Two games later, he was in position to make more history for the Patriots. Unfortunately that’s when things took a turn for the worse.

Against Lapel on Oct. 8, he had negative-2 yards on just two carries as he was one of three Jay County starters to exit the game in the first quarter with injuries.

A week later, Faulkner played through his right ankle injury and was on the cusp of eclipsing 1,000 rushing yards in a season, the first Patriot to do so in five years.

With a 13-yard run in the third quarter, Faulkner had reached 1,001 yards.
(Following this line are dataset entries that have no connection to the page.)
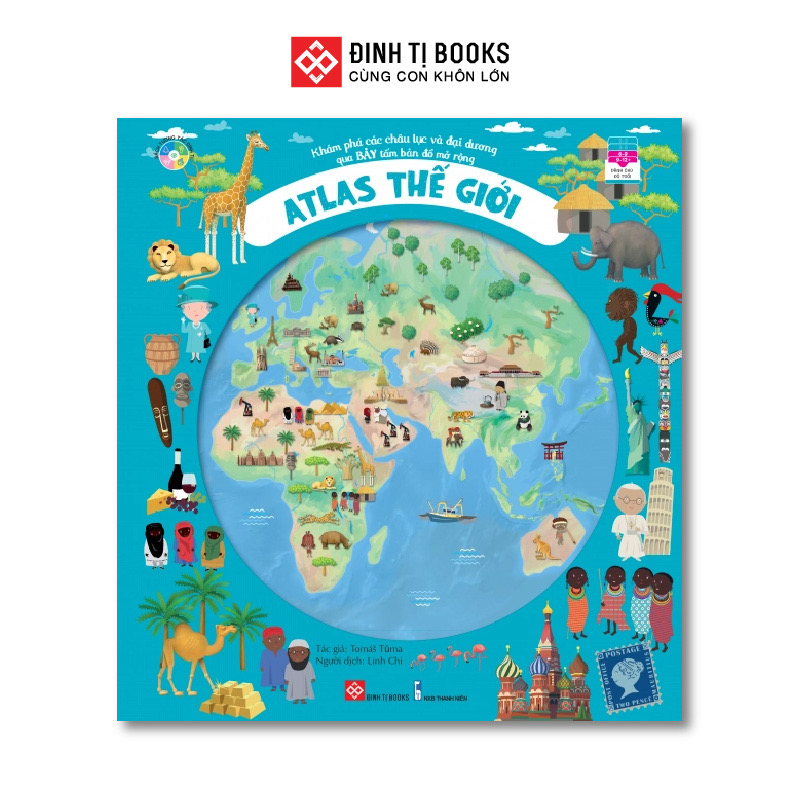Sách Atlas Thế Giới – Khám Phá Các Châu Lục và Đại Dương – Đinh Tị Books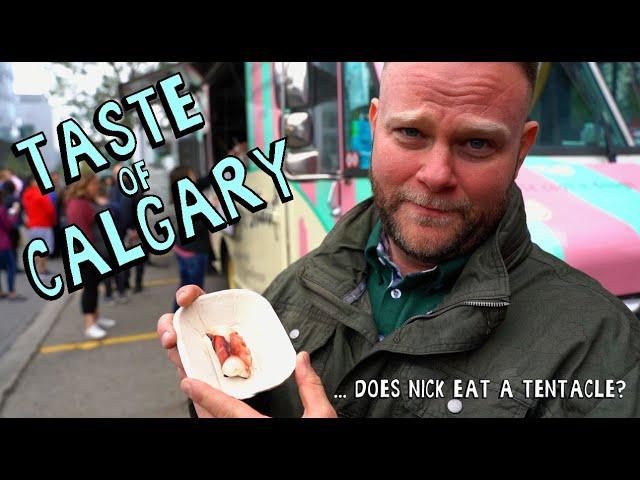 Taste of Calgary - Exploring Calgary's Food Festivals!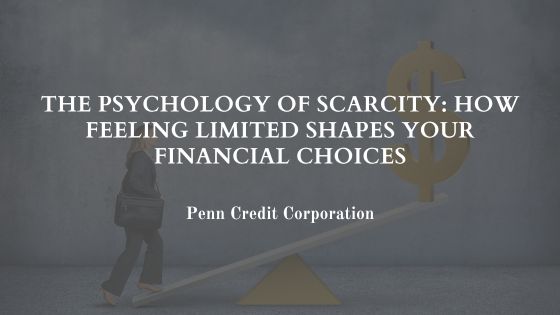 The Psychology of Scarcity: How Feeling Limited Shapes Your Financial Choices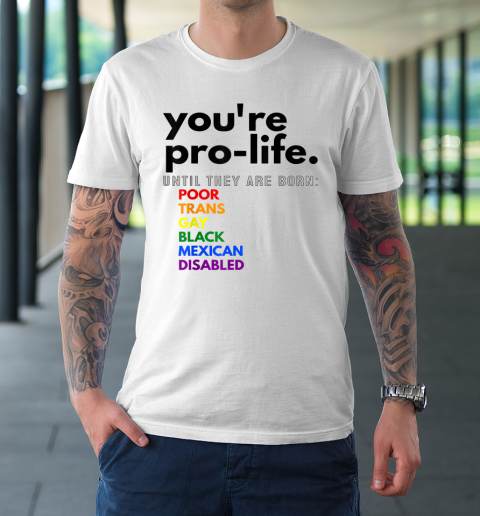 You're Prolife Until They Are Born Poor Trans Gay Black T-Shirt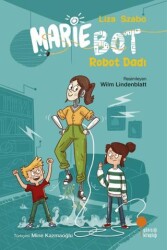 Marie Bot - Robot Dadı - Günışığı Kitaplığı
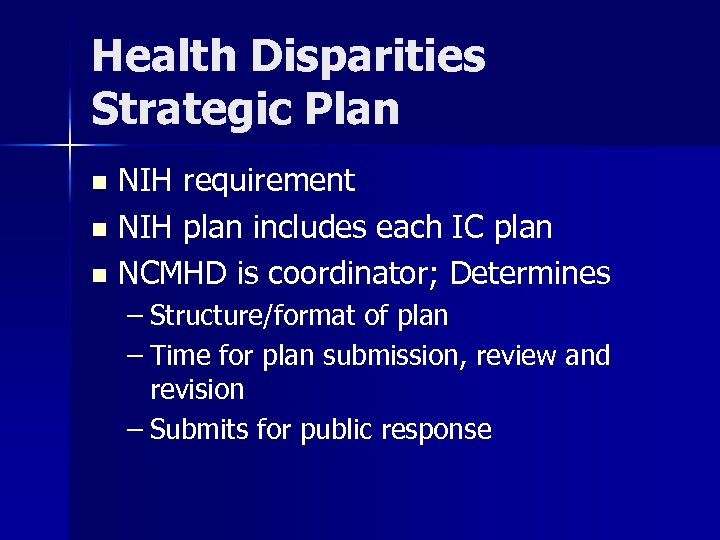 Health Disparities Strategic Plan NIH requirement n NIH plan includes each IC plan n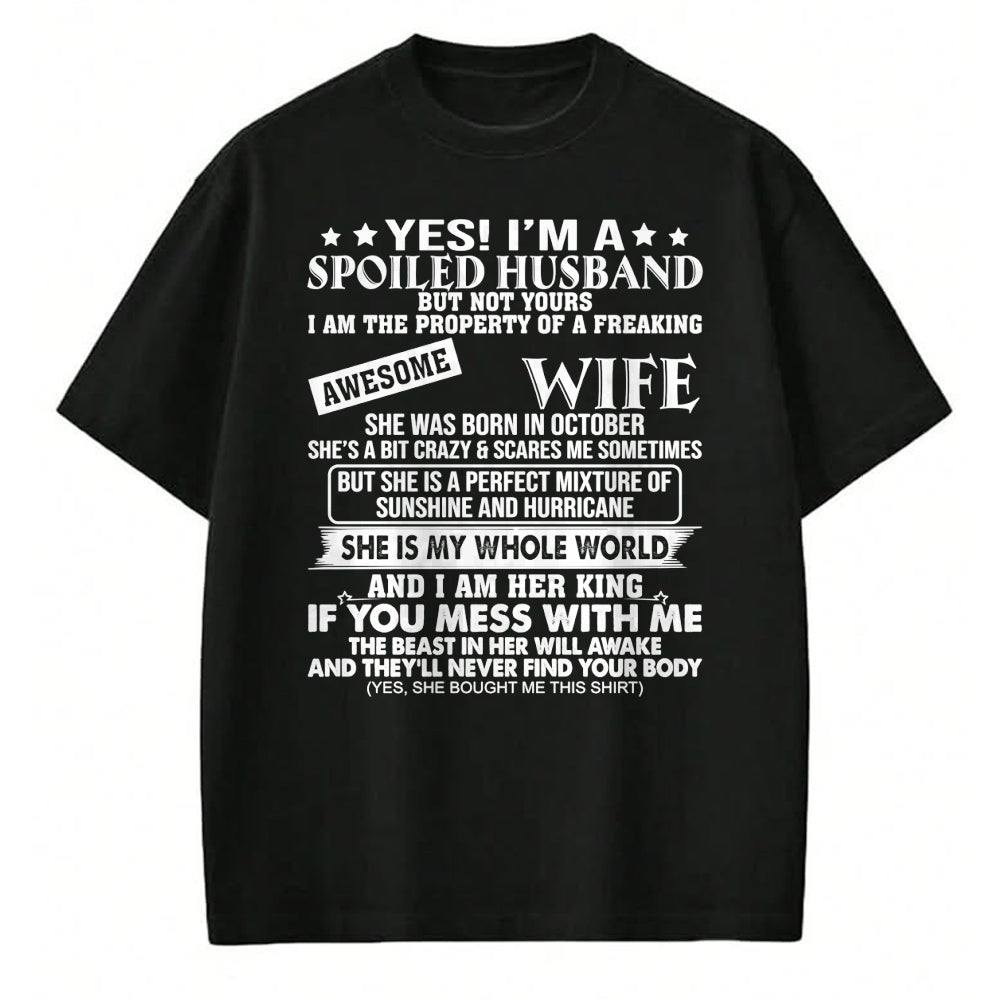 Best Wife Shirt, Wife and Husband Unisex T-Shirt/Hoodie/Sweatshirt HLT00 - I'm A Spoiled Husband Of A Freaking Awesome Wife OCTOBER Long Sleeve T-Shirt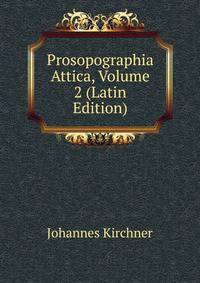 Prosopographia Attica, Volume 2 (Latin Edition)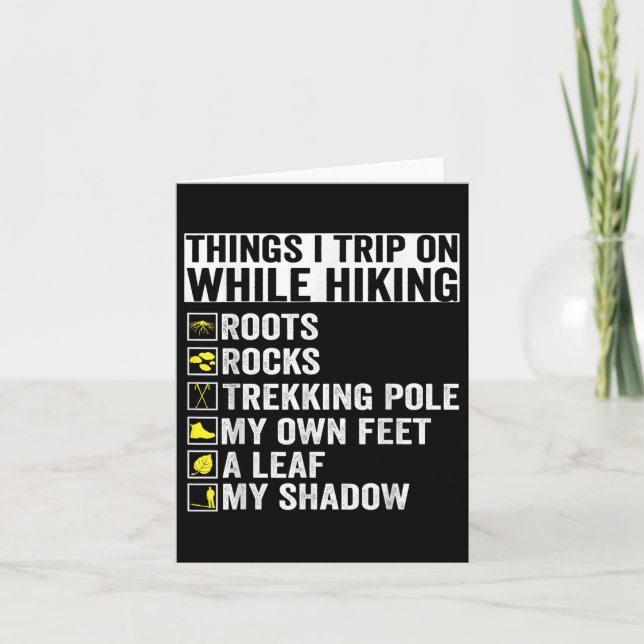 Things I Trip On While Hiking Roots Rocks Trekking Card (Front)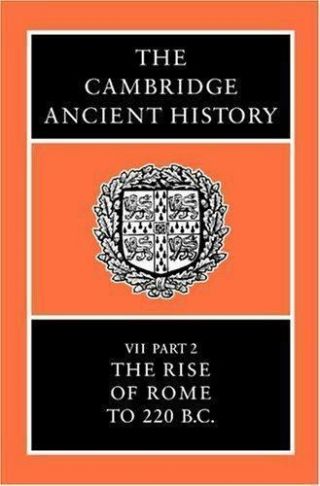 The Cambridge Ancient History: Vol Vii Part 2 The Rise Of Rome To 220 B.  C.  -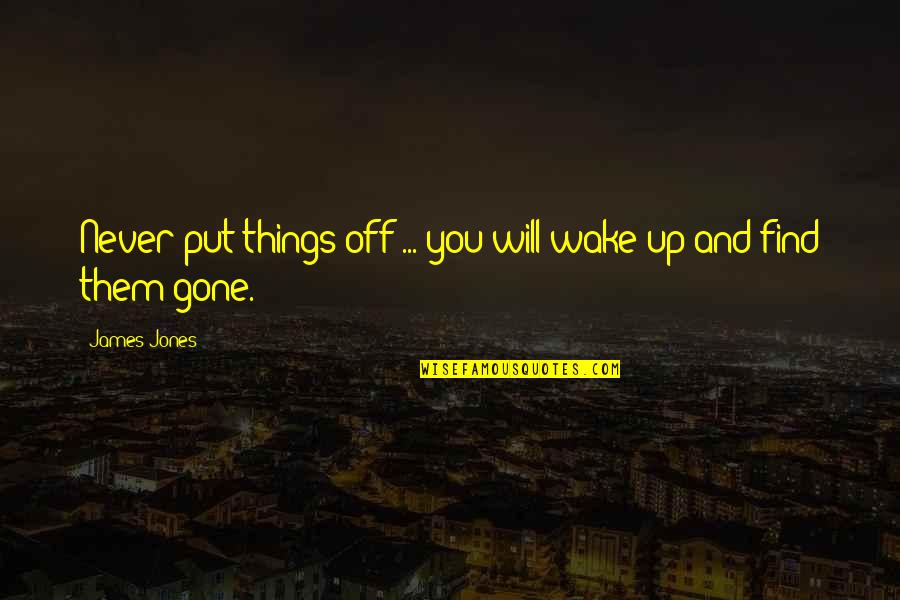Simoncini Associates Quotes By James Jones: Never put things off ... you will wake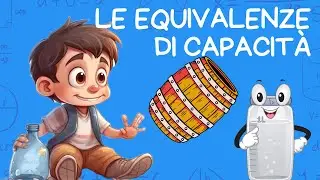 Le equivalenze di capacità - Lezioni di matematica (2)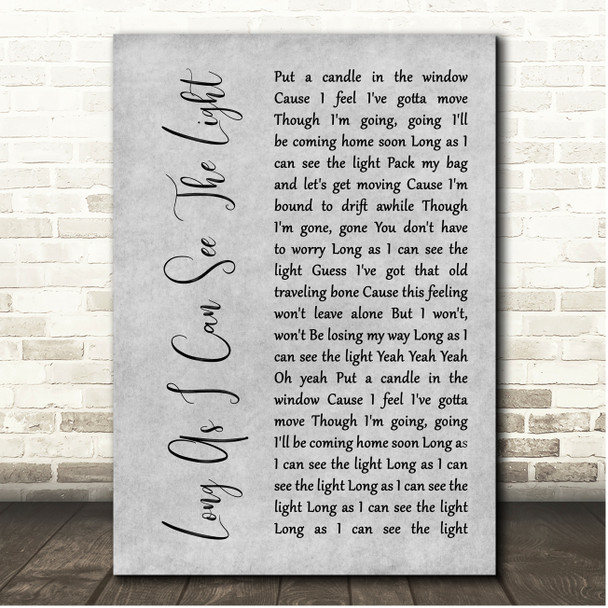 Creedence Clearwater Revival Long As I Can See The Light Grey Rustic Script Song Lyric Print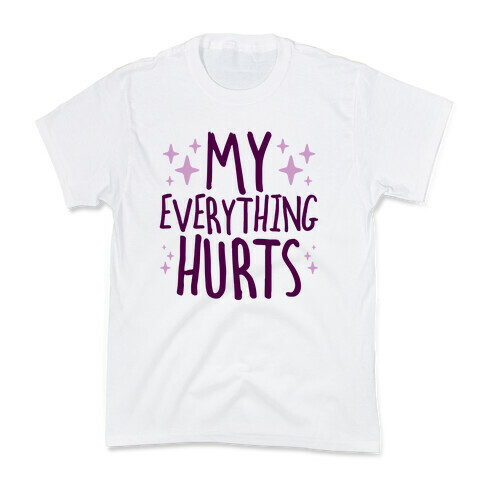 My Everything Hurts Kids T-Shirt
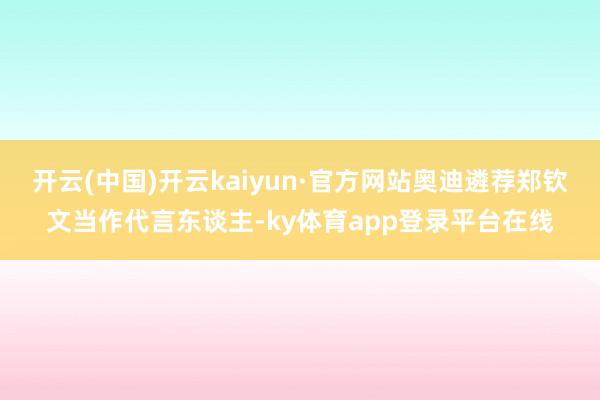 开云(中国)开云kaiyun·官方网站奥迪遴荐郑钦文当作代言东谈主-ky体育app登录平台在线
And as this columnist was tweeting the feat from the sideline, Faulkner was brought down in the backfield for a 3-yard loss, aggravated his already injured ankle and did not play the rest of the night.

The kid showed some toughness, once again fighting through the pain a week later, and rushed for a hard-earned 39 yards in the loss to Ole Miss.

For the year, Faulkner had 1,037 yards, becoming the team’s first 1,000-yard rusher since Cole Stigleman had 1,047 in 2016.

Zgunda summed up Faulkner’s performance eloquently after the season-ending loss.

“He’s had a great season,” he said. “I knew watching last year’s film there was something about him. His explosiveness — he has the ability to go from second to fourth gear real quick and that’s not something you can coach or teach.

“I was excited to coach him. When we could get him out in the open this year he’s as good as anybody.”

Faulkner was one of a dozen seniors who endured the 1-9 season in 2019, and the program’s first winless season (0-9) during 2020.

But they’ve also helped do something that hasn’t been done around the county in a while — create a buzz around the football program.

It’s been written in this column before, the home bleachers at Harold E. Schutz Stadium for each of the team’s home games this year had fewer empty seats than previous seasons. It was a sight to behold given the disappointment of the last two years.

A lot of that has to do with the man leading the team out of the locker room and calling the plays on the sideline. But it also rests on the 40 kids who suited up — they had crisp, new uniforms and with a new helmet logo — for 10 weeks and did what they could in hopes of turning the program around.

“It would have been nice to get a couple more wins but it’s the foundation of something,” Zgunda said. “You guys are going to be that foundation of which what comes after is built.”

Any coach worth his paycheck knows football games are not won from August through October. They’re won from the day the season ends through the following August when the next season starts. Games are won in the weight room.

“We have a new weight room and we have to get everybody in there and we have to hit it hard,” Zgunda said.

For this team, a three-win season is good enough. The idea, though, is to build the program.

So, boys. It’s time to hit the weights.